Pantami: Trials and Triumphs of a Digital Economy Maestro unfolds across four sizeable sections, with each having at least three thematic nodes.
In Chapter One, titled, “Personal Opinion”, the author mediates upon and gives further eludication of issues around the subject of the book, which he had earlier written on, in pieces such as “That Friendly Call from the Scholar”, “The Memorable Visit for Digital Innovation”, “Authority on Cybersecurity and Datafication”, and “Encounter with a Digital Economy Maestro.”
The second Chapter of Yushau’s book centres around “Inter-Agency Engagements” within government, of which Professor Isa Ali Ibrahim (Pantami), his redoubtable subject, has been a highly consequential figure in over the past half a decade. This deals with issues around rivalries among federal agencies and pertain to concerns such as: “
Resisting Multiple Telecom Taxation”, “The NIN-SIM Linkage Palaver” and “The War on Stamp Duty.”
Similarly, Chapter Three of Trials and Triumphs of a Digital Economy Maestro on “Managing External Factors”, illustrates major battles or challenges Profesor Pantami contended with during his tenure in office as the Minister. The concern the issues of the “ASUU Battle over IPPIS-UTAS Payment System”; “On FUTO Professorship” and “Witch-Hunting or Boko Haram Saga?”

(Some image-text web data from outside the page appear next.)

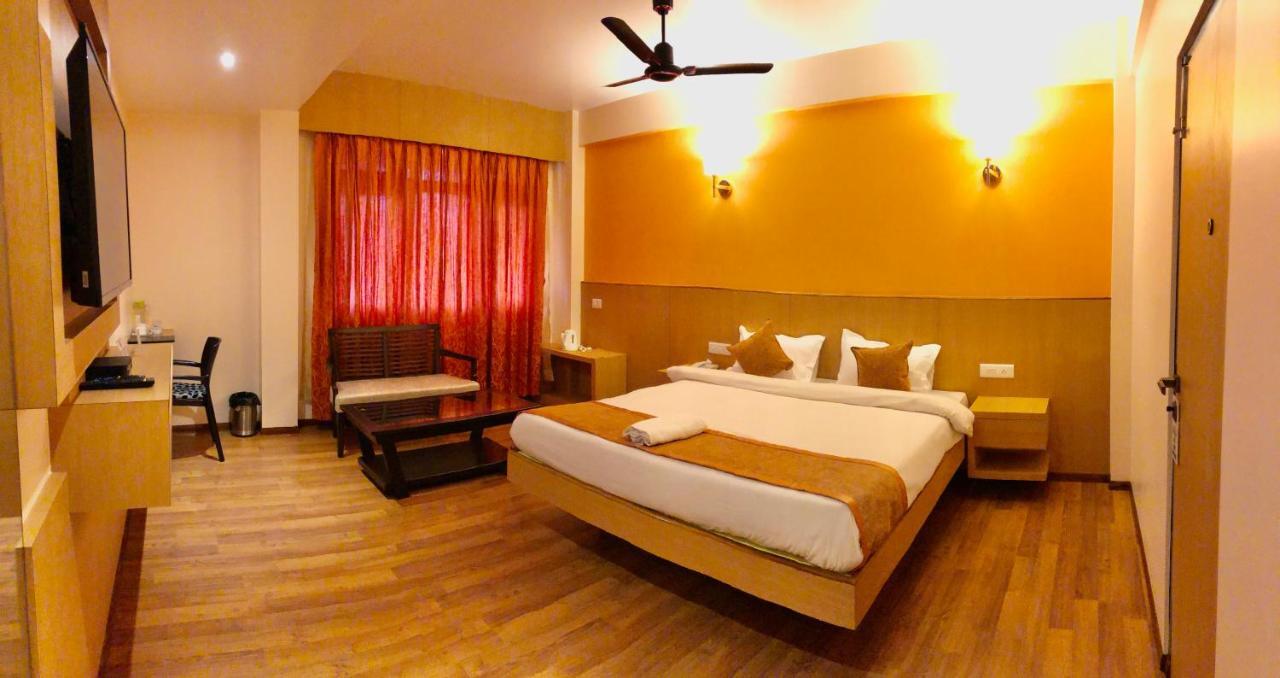 Orange Homestay Шиллонг Экстерьер фото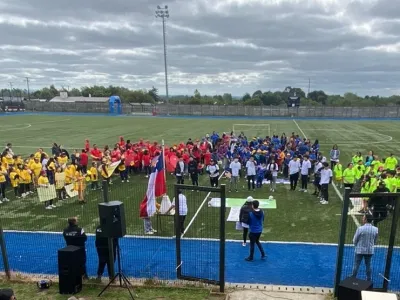 Juegos Rurales 2023 reunió a 23 escuelas rurales multigrado de SLEP Llanquihue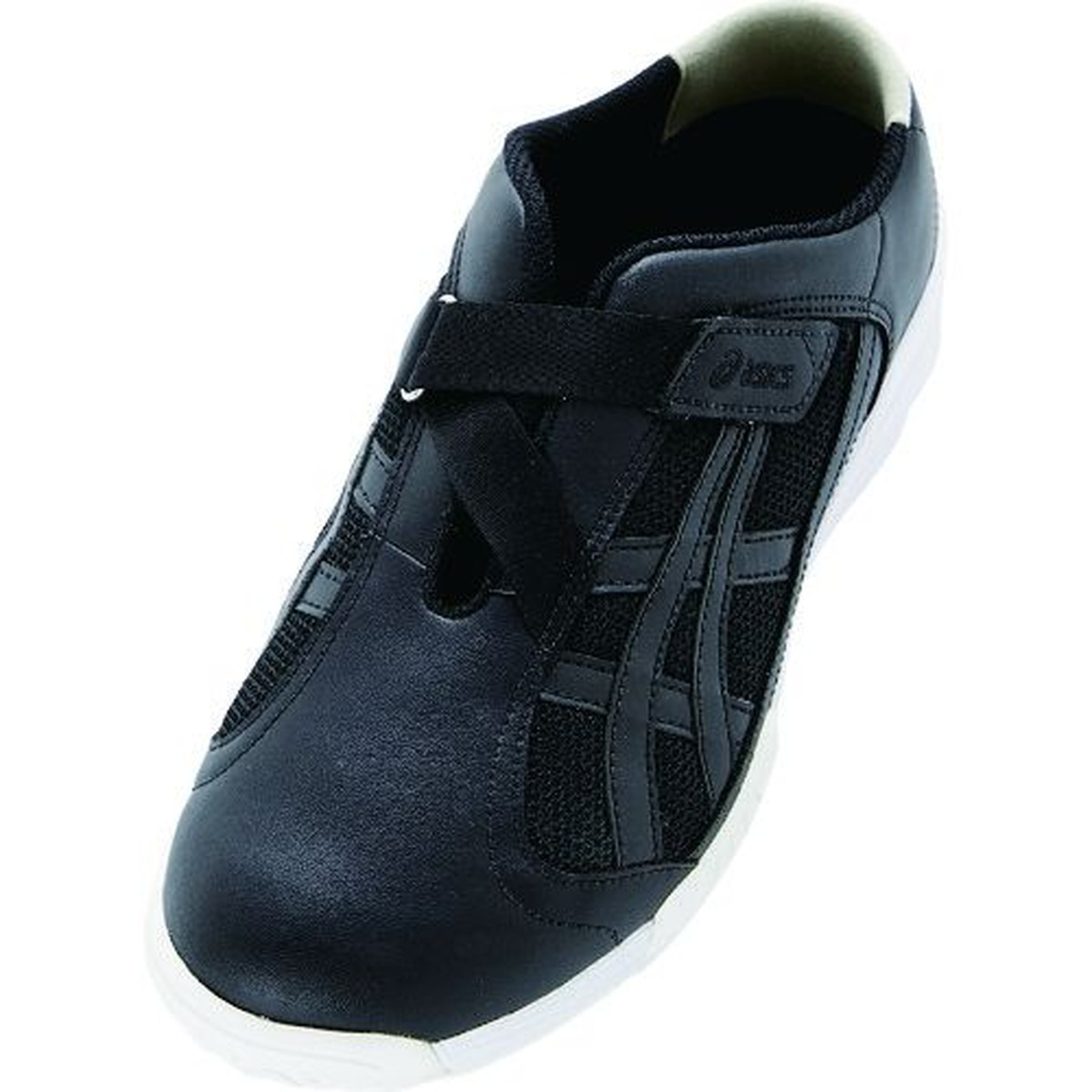 【期間限定!対象商品P2～20倍】 ＡＳＩＣＳ　ＣＡＲＥＷＡＬＫＥＲ７００　ブラック&times;ブラック　２３．５ｃｍ　1足 (FMC700.00123.5)｜福祉用具のバリューケア 7,961円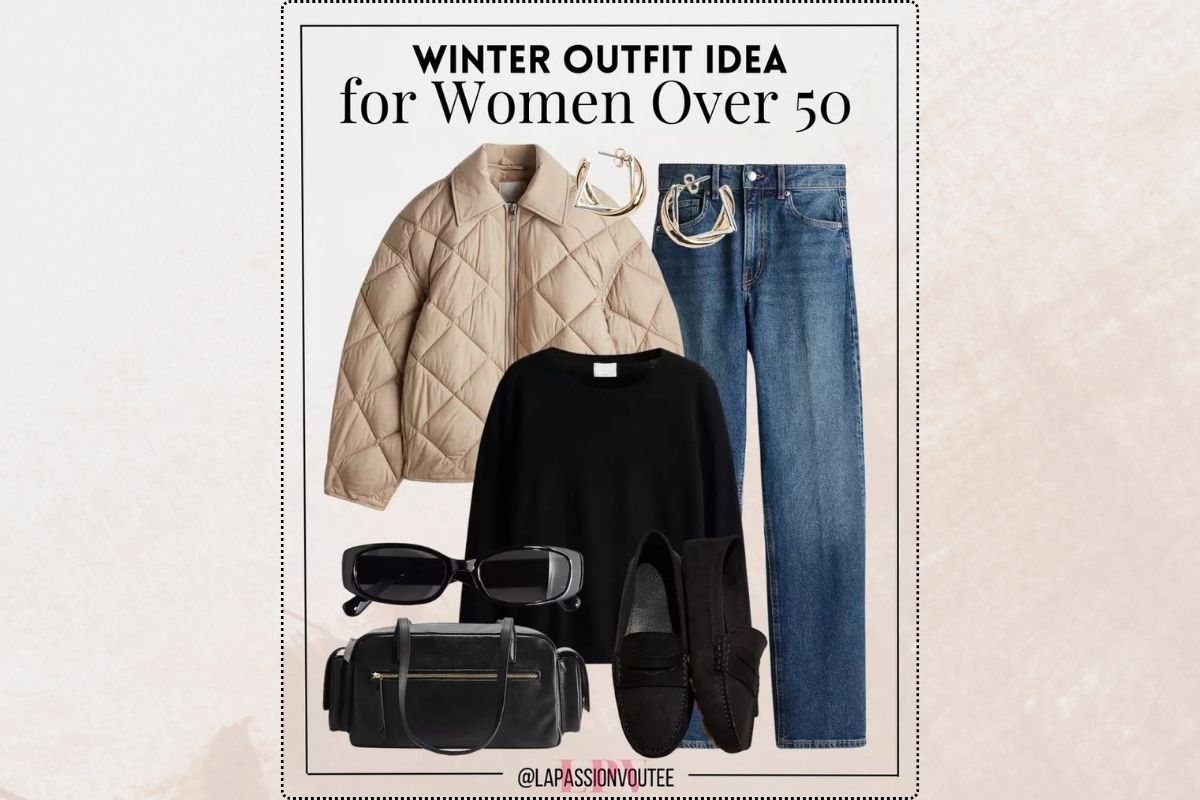 Winter Outfit Ideas for Women Over 50 7B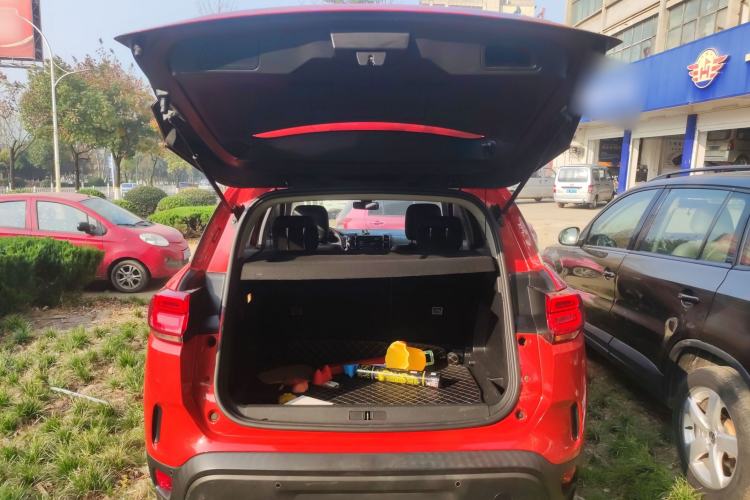 Used Citroen C5 AIRCROSS 2017 350THP Fashion Edition Trunk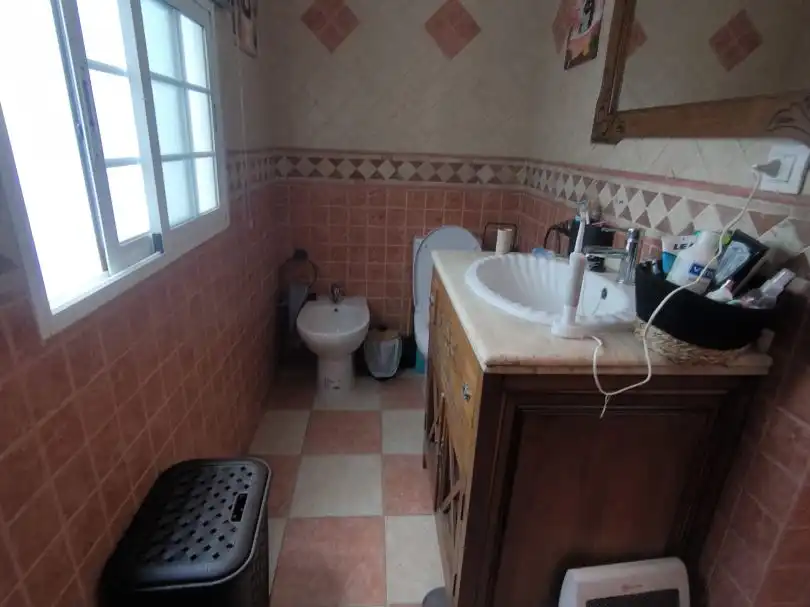 Dúplex en venta en Calle Felipe Hidalgo, 89, Ayamonte ciudad Baño de Dúplex en venta en Ayamonte con Aire acondicionado y Terraza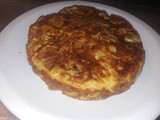 Tortilla de calabaza y batata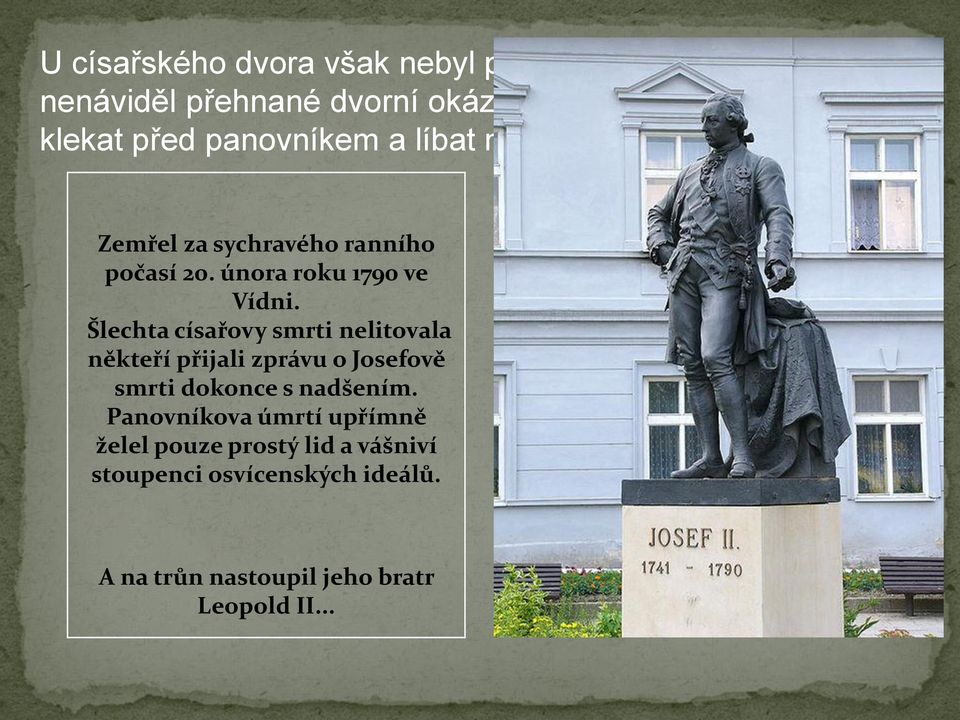 února roku 1790 ve Vídni.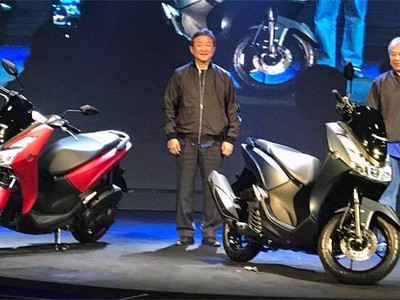 LEXi 125 - xe ga lạ của Yamaha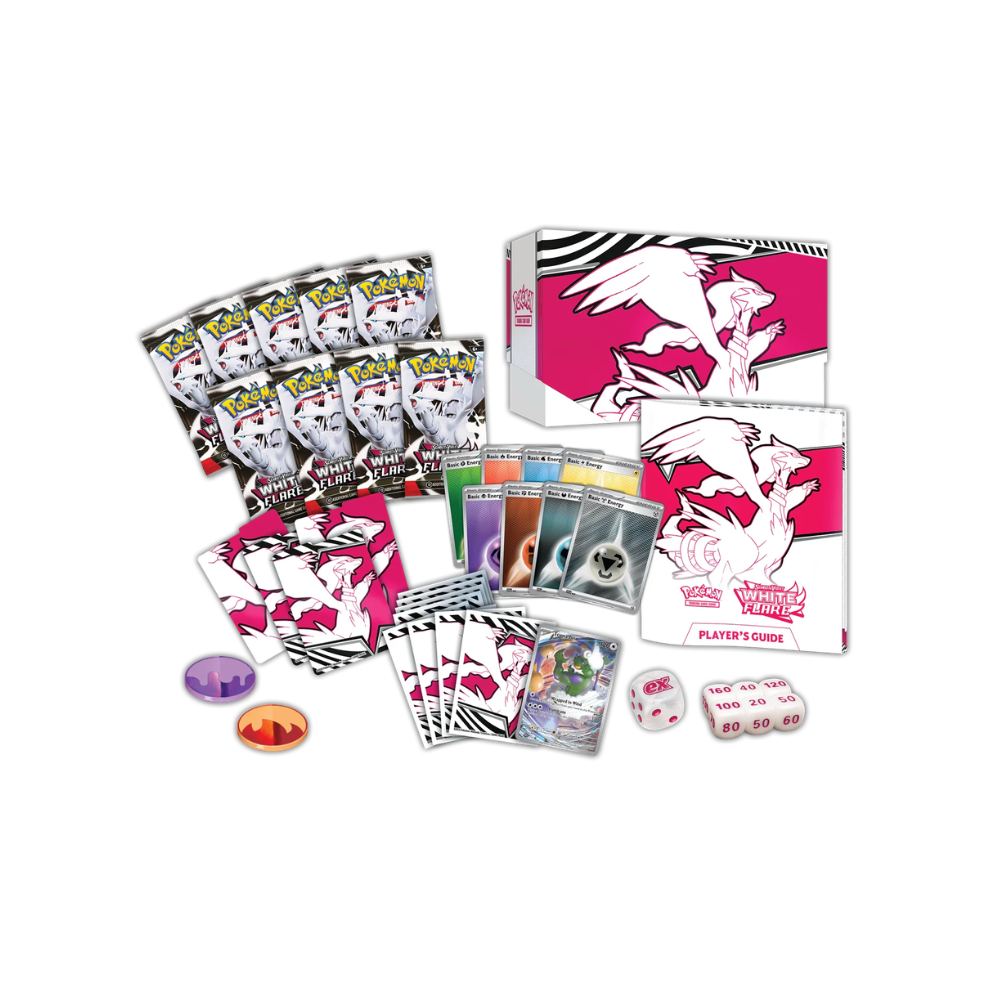 Pokémon - White Flare ETB EN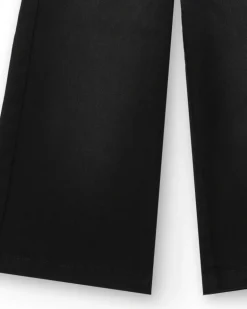 Pantalon large noir fille collection Poésie Magique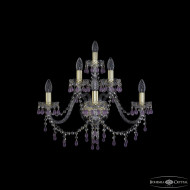 Бра Bohemia Ivele Crystal 1410B/3+2+1/240 G V7010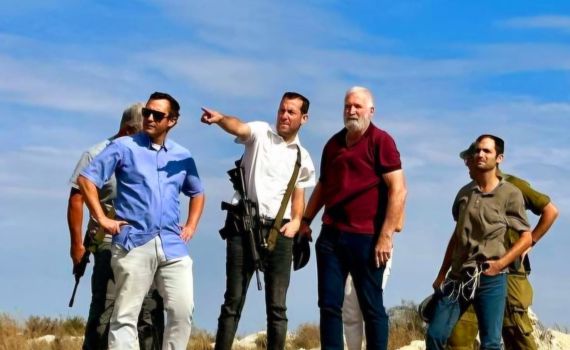 בשומרון זועמים על הסנקציות: "ניסיון שקוף להביך את טראמפ"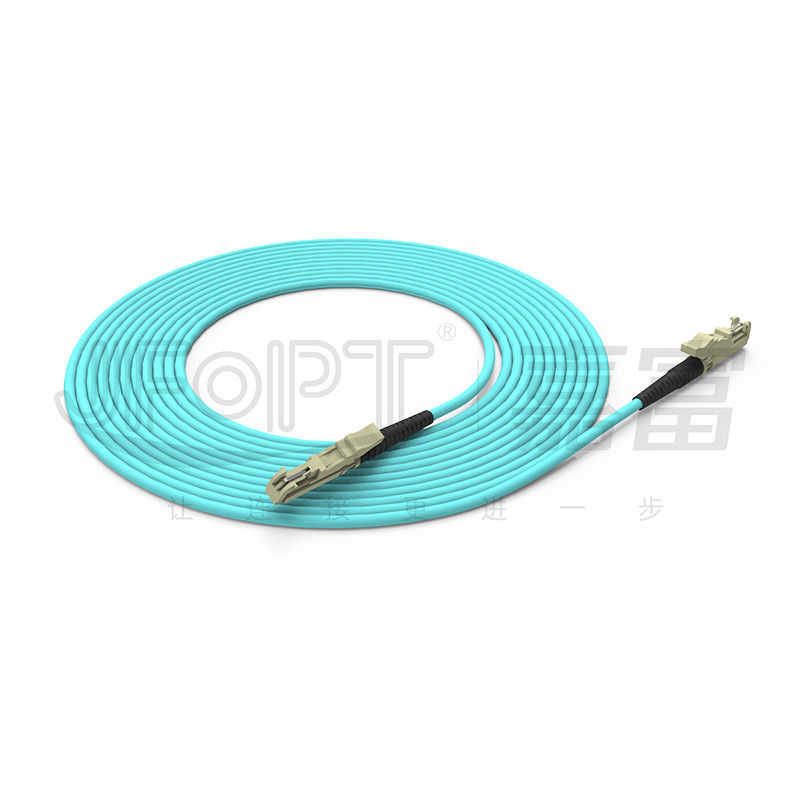 Modo de pequeñas pérdidas del cordón de remiendo de la fibra óptica E2000-E2000 solo con varios modos de funcionamiento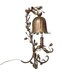 Garden Fairy Flower and Vines Metal Lamp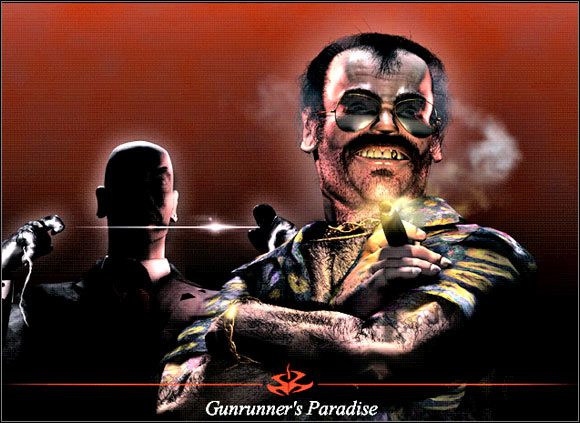 1 - Gunrunners Paradise - Europa - Hitman: Codename 47 - poradnik do gry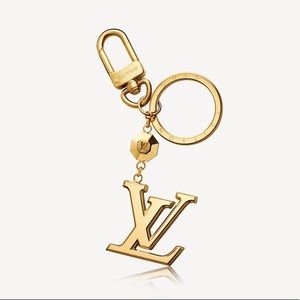 Louis Vuitton “Facettes bag charm and key holder”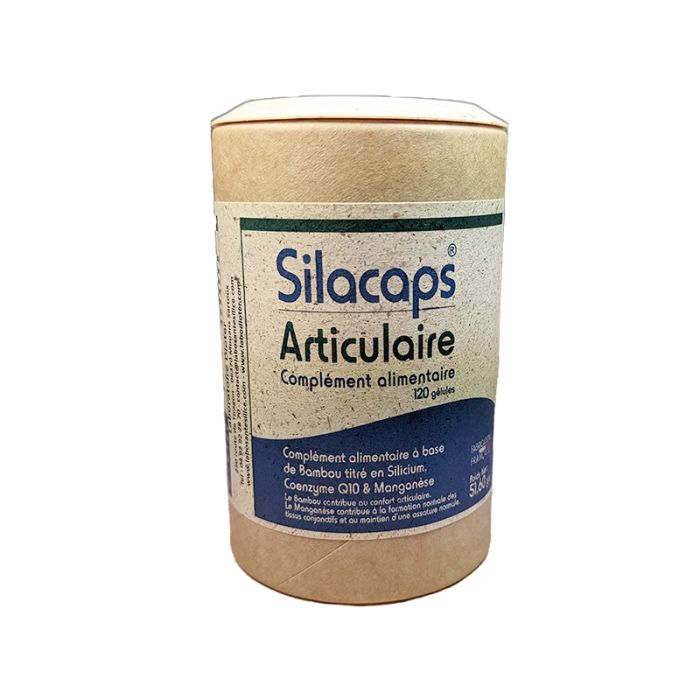 image de SILACAPS® ARTICULAIRE - 120 gélules - Labo Santé Silice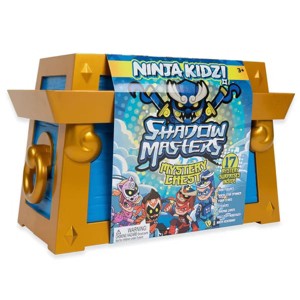 Ninja Kidz Shadow Masters Mystery Chest, 17 Mystery Surprises with ...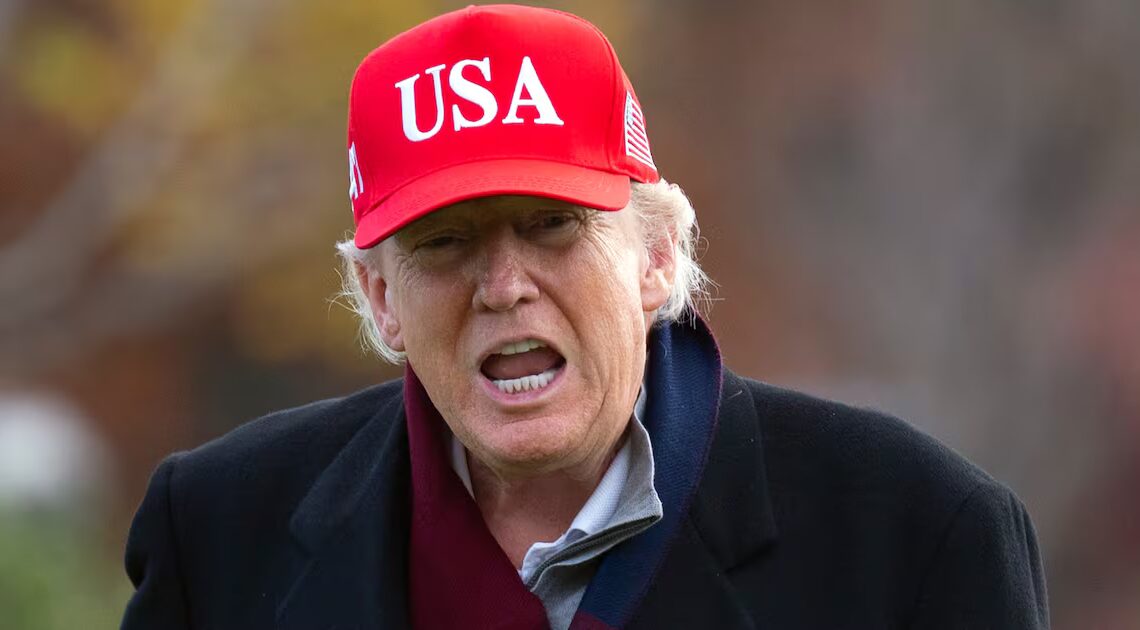 White House Marks Presidents Day With Dark Threat to Trump’s Enemies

“Operational Exigencies” is the organising theme on which Chapter Four of the book is anchored, as expressed over matters relating to “NigComsat and the Fear of Privatisation”; “The Galaxy and Visibility” and “Record of Accomplishments.”
Most of the issues in this book on Pantami revolve around the activities and mandates of agencies under the Ministry of Communications and Digital Economy. Some of these agencies, which have conspicuous presence in Trials and Triumphs of a Digital Economy Maestro, include the Nigerian Communications Commission (NCC), the National Information Technology Development Agency (NITDA), Galaxy Backbone Limited, Nigerian Communications Satellite Limited (NIGCOMSAT), National Identity Management Commission (NIMC), and the Nigeria Postal Service (NIPOST).
I found a number of the themes in the book highly interesting, intriguing and seemingly controversial. For instance, the author takes the reader though the compelling narration of how a very long ASUU strike was motivated essentially by egos and the intrasigence of the refusal to yield ground, leading to a protracted disagreement industrial action over the required payment system for Nigerian universities’ lecturers, among others.
In Pantami: Trials and Triumphs of a Digital Economy Maestro, the author chronicles the feats achieved by a highly unusual but extremely modest public official, who has served as Nigeria’s Communication and Digital Economy Minister since 2019, to include: the implementation of broadband connectivity across the country, leapfrogging the ascendant economy around the digital ecosystem, and the empowerment of citizens through the cultivation of ICT skills.
Others areas of his direct impact comprise the implementation of a Digital Identity Programme, attendant upon a National Digital Economy Policy and Strategy, the digitalising of government functions and processes, as well as deployment of the 4G spectrum across the country.
Yet, the controversy over the appointment of the Minister as a Professor of Cybersecurity at the Federal University of Technology Owerri (FUTO) and also the debate on the Minister’s links to Boko Haram terrorism, many years earlier, were dispassionately analysed by the author.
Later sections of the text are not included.